Sears, Roebuck Comes Calling
Looking for ways to diversify and increase production and profits, the women turned to corduroy pillow shams, and Sears liked what they saw. The Bee landed a contract with Sears in 1972.
During their busiest time, the women produced 30,000 shams every six months, 5,000 a month, and 200 a day. In 1980, the Bee did $7,500 in business, $5,100 of which was from Sears. By 1982, sales had increase to $200,000, the majority of which was sales to Sears.
Not only was FQB’s work prized by Sears and its customers, but art collectors and artists such as Diana Vreeland, Jackson Pollack and Lee Krasner acquired individual full-size quilts as works of art.
Between the Sears contract and the attention of collectors, the quilters were able to provide for their families, express their personal artistic visions and gain the pride of accomplishment.
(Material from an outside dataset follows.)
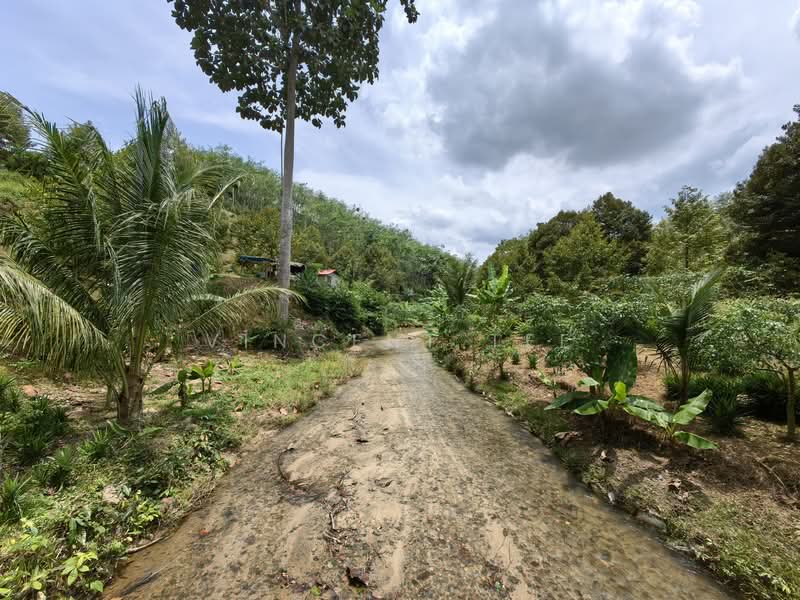 Tanah Pertanian untuk Dijual di Kenaboi (Negeri Sembilan) - Vincent Tee - Exterior - PropertyGuru.com.my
In fact, as noted by author Callahan, “The first two years in the life of the Freedom Quilting Bee, 1966 and 1967, were amazing in terms of job orders and volunteer energies. Between its founding in March 1966, and the end of the calendar year, the co-op provided $5,500 in profits to its members, amassed mostly from the sale of $20 and $25 quilts…the co-op raised family income for some by as much as 25% “ in just its first 10 months.
Today, quilts from the artists of Freedom Quilting Bee are exhibited in museums across the globe and are highly prized by collectors, going for thousands of dollars.
Although FQB went strong for more than two decades, it didn’t survive into the 21st century, allowing the history, stories, innovation and incredible courage and accomplishments of a group of determined black women artisans to all but disappear. Our new organization, Freedom Quilting Bee Legacy, was created to right that wrong.